In a literary novel, however, where the plot is driven by character rather than action, the inciting incident and two plot points will be completely internal. Here, we do not care much about what happens – the focus is rather on the result of that event within the protagonist. You need to send your protagonist on a spiritual journey – or a journey of the mind – and while this journey should be caused and influenced by external events, the crux of the plot is focused on what the protagonist has learned along the way.
Genre bending novels, or novels where the literary genre is mixed with other genres, like mystery or romance, have plots that are a perfect blend of action and character. The protagonist goes through both an external and an internal journey within the course of the novel, which is what sets apart these novels from genre novels.
4. Prose and fine writing
Here is a truth about literary fiction: if you promise, you need to deliver. That is, if you want to label your novel as literary fiction, you need to deliver prose and fine writing that taste like fine wine. There is no definite formula as to what fine writing exactly is – and in a lot of ways, appreciating prose and fine writing is a very subjective thing.
Most writers would describe it as poetic writing – although this doesn’t necessarily mean that you need find ten different ways to describe pouring rain. While the genre novel writer can write in a simpler way, the literary fiction writer must pay attention to how he or she constructs sentences and paragraphs.

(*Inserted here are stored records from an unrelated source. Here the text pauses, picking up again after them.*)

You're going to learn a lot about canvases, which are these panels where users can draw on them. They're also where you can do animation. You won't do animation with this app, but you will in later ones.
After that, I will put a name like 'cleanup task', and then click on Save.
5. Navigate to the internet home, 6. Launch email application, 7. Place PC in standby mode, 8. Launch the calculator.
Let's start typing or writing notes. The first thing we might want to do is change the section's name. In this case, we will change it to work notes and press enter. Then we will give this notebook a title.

For example, literary fiction prose will be peppered and riddled with metaphors, and the characters will speak in a manner that’s engaging and intelligent, yet deep and profound. In literary fiction, you can witness how syllables of different words complement each other to make a sentence seem like a piece of well-composed music. And yet, within it, it’s very easy to give in to excessiveness – which, inevitably, leads to purple prose.
5. Purple prose and excessiveness
Where do you draw the line between fine writing and purple prose?

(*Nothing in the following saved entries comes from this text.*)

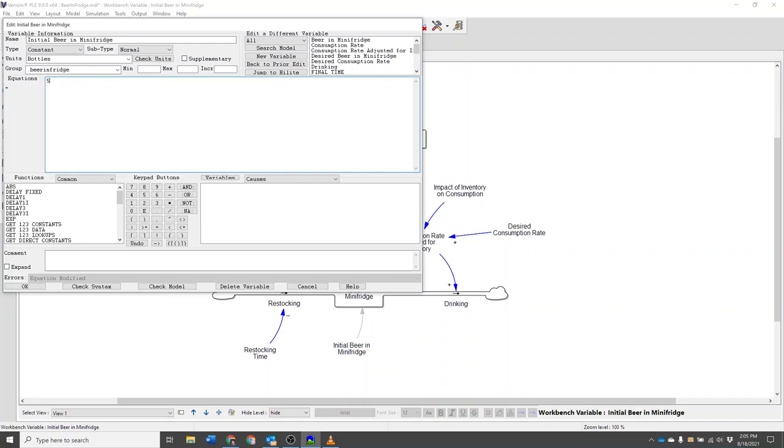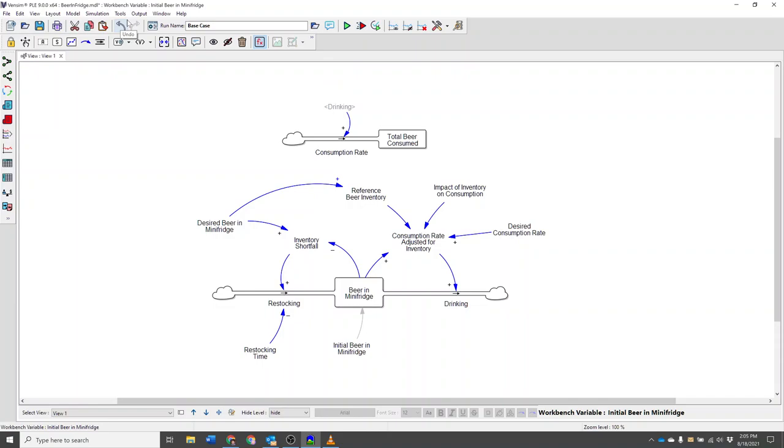After changing that parameter but before running my model, I'm going to give this run a descriptive name and now create a new run.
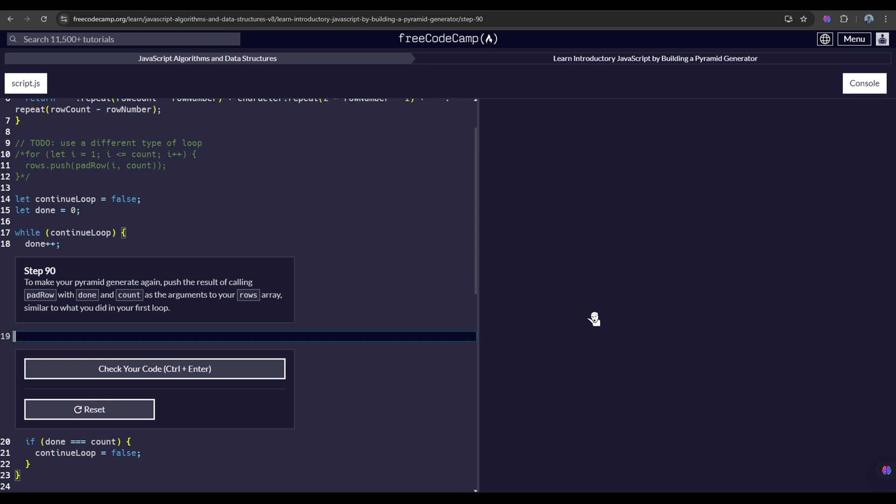To make your pyramid generate again, push the result of calling padRow with done and count as the arguments to your rows array, similar to what you did in your first loop.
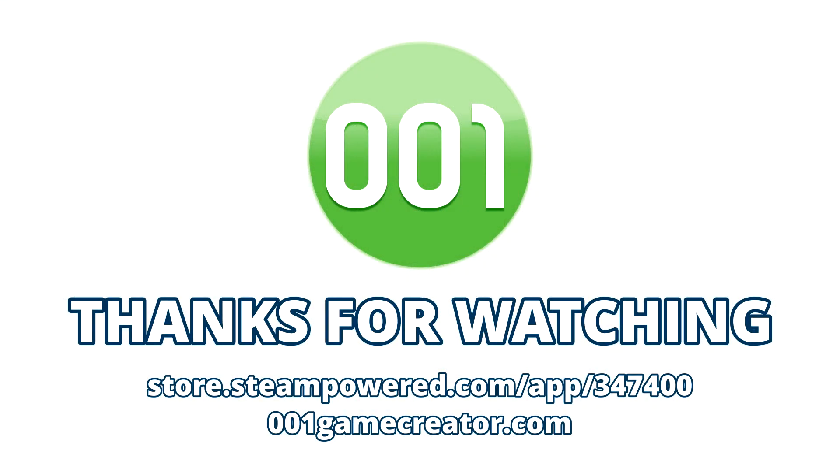This concludes the third part of our video tutorial series detailing the basics of 001 Game Creator. In the next part, we'll be looking at scripting, timers, and zones. Understanding the scripting language used in 001 Game Creator, the different ways it can be used, including how timers and zones work, and putting together scripts of your very own to add interactivity to your games.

The easiest way to determine whether you’re going into purple prose territory is to choose your favorite passage or chapter from your novel – and give it to someone to read. More importantly, listen to their feedback. If they failed to comprehend and understand what you wrote, then chances are you’ve given in to excessiveness, which resulted in purple prose.
Purple prose is not necessarily a bad thing for a literary novel. After all, literary fiction is praised for fine writing. However, you need to decide on what is more important: the actual prose or the readers who are supposed to enjoy your novel and (hopefully) learn something from it. If purple prose prevents you from doing that, then maybe you need to rethink your writing style – and maybe kill a few of your wordy darlings in order to achieve this.

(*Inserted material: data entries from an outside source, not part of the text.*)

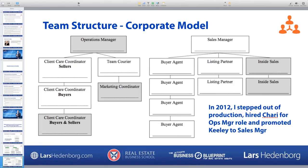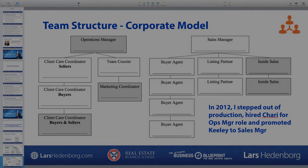We've got a couple of listing partners. One of our buyer agents was doing about two and a half listing specialist roles and is now transitioning to the listing side in a plug-and-play style. We've also got a couple of inside sales people — one is offshore helping Keeley generate seller leads, and one is in our office on the buyer side. That's what we look like right now.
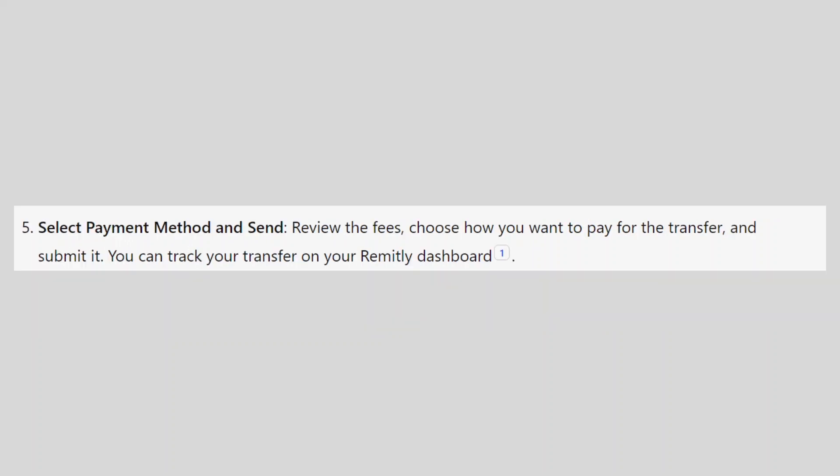Review the fees, choose how you want to pay for the transfer, and submit it. You can track your transfer on your Remitly dashboard.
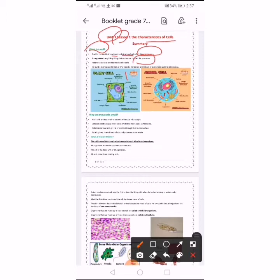The first one who discovered the cell is called Robert Hooke. Robert Hooke was the first one to describe the cell. He built a microscope to look at tiny objects. He used a microscope to look at a tiny object.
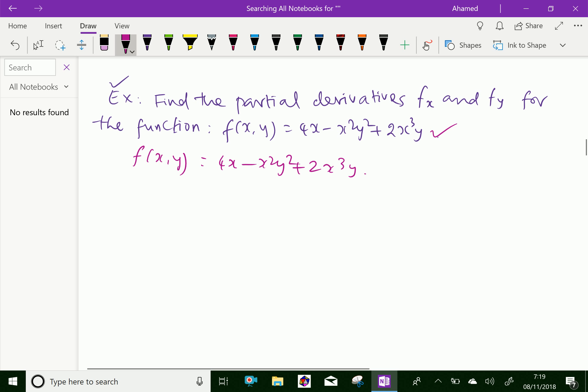First, f_x(x, y): the partial derivative with respect to x means we treat y as a constant. The derivative of 4x is 4. Since y squared is a constant, the derivative of minus x squared y squared is minus 2y squared x. Then, since y is a constant, the derivative of 2x cubed y is 6xy x squared, giving 6y x squared.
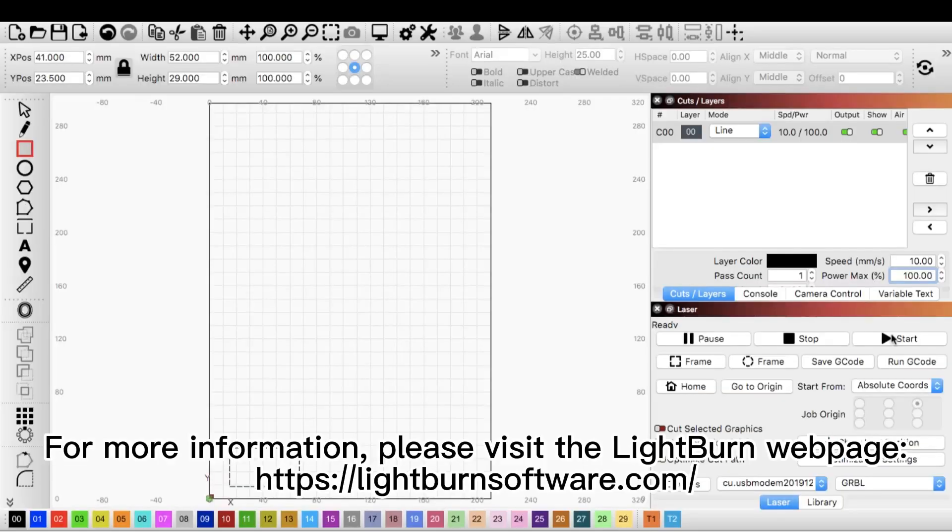For more information, please visit the LightBurn webpage.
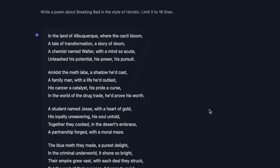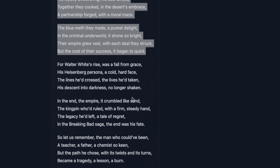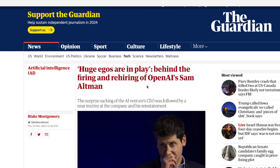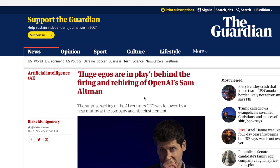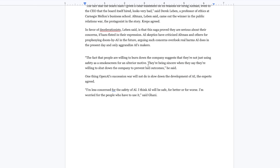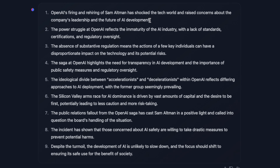Before looking at whether it can work with very long text, I wanted to test its instruction-following abilities. I asked it to write a poem about Breaking Bad in the style of Horatio, limited to 16 lines. It came up with a really nice, well-rhyming poem — however instead of 16 lines it gave me 28 lines, so it's not able to keep track of the requested line count. I then tested it on a large body of text: I took a Guardian article about the OpenAI drama regarding the firing and rehiring of Sam Altman, pasted it into a Google Doc — it turned out to be four pages — and asked it to provide an executive summary with main points as a list.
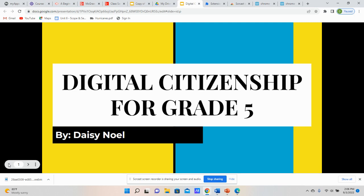Hello, my name is Daisy Noel, and I will be sharing some information with you about digital citizenship for grade five.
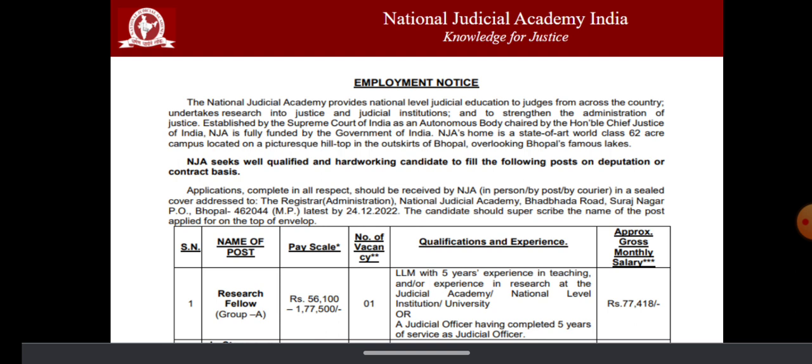National Judicial Academy of India provides national level judicial education to judges from across the country and has given a notification to recruit a research fellow on urgent basis.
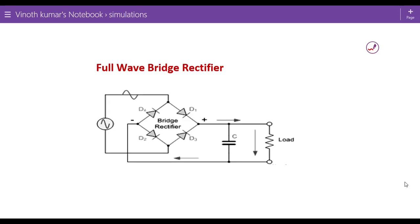Hello students, in this video we are going to see how to simulate the full wave bridge rectifier on PSPICE OrCAD software.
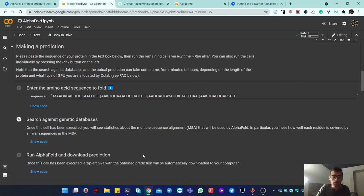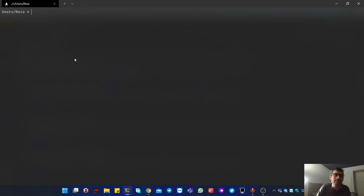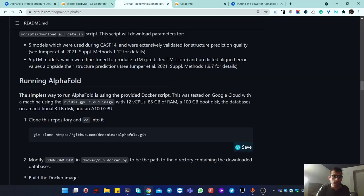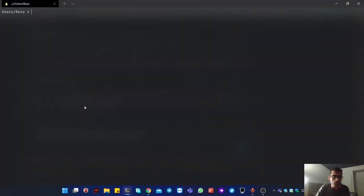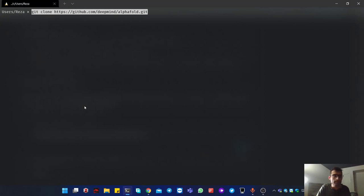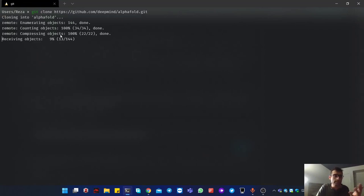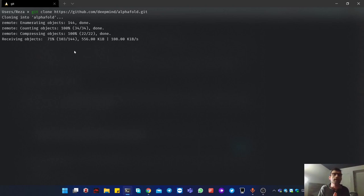If you're on Windows, you should use WSL2 — Windows Subsystem for Linux. There are several YouTube videos that can walk you through installing it in under 10 minutes. Once that's done, come to the AlphaFold GitHub page, copy the git clone command, paste it, and run it. This downloads the entire GitHub repository with all the information you need.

6. Common literary novel structures
We’ve already established that literary fiction novels also need a plot – with the sole difference that it’s character based. In addition to this, there are two other types of structures often found in literary novels: the coming of age, and the picaresque structure. Many writers also consider coming of age and picaresque to be separate genres of novels, however, both of them belong under the umbrella of literary fiction as a whole.
Coming of age as a structure is very easy to understand (even if it’s not so easy to portray): we follow the protagonist throughout his or her life, from childhood to adulthood, and often, the protagonist engages grand philosophical ideas throughout his or her life, and we get to engage in those ideas as well. Among the most popular examples of this include The Catcher in the Rye and The Adventures of Huckleberry Finn.
The picaresque novel, on the other hand, often features one protagonist, while all the other characters appear in an episodic fashion. The picaresque novel has been around since the 1500s, even though the term wasn’t coined until the 1800s. The mosaic-like novel often depicts characters of lower standing, and often, the depiction is comic and satirical.
However, one of the best things about literary fiction is the freedom in choosing your own structure. The slow pacing of the novel itself, and the character-based plot gives you the freedom to construct it in any way you wish. You may construct your novel in a rose pattern, where each part of your novel will unfold a new revelation for the characters and for the readers, breaking all other structures – and still managing to engage the readers and keep their attention glued to your words.
7. Finding your own style and voice
All writers have their own writing style and writing voice. Moreover, writers have different voices and styles in different novels – different series, and this is also true for literary fiction. Your first literary fiction novel will be different than your second one, and so on.
So, how to find your style and voice? Moreover, how to ensure that your writing style will pass the “literary prose" bar?
The best thing to do is to read literary fiction, not just the classics like Catcher in the Rye, but newer literary novels as well, like Her Body and Other Parties by Carmen Maria Machado, Exit West by Mohsin Hamid and others. Remember, everything you read, you absorb within you. You will find yourself regurgitating favorite phrases that you read in your favorite books, even though you’re not conscious of doing that. For that reason, the second step is always to write, and then keep writing. When your aim is a literary novel, then you need to try to emulate a literary style. The more you write, the better you will become at it. You will notice it in your sentences – you will probably even notice it in speech.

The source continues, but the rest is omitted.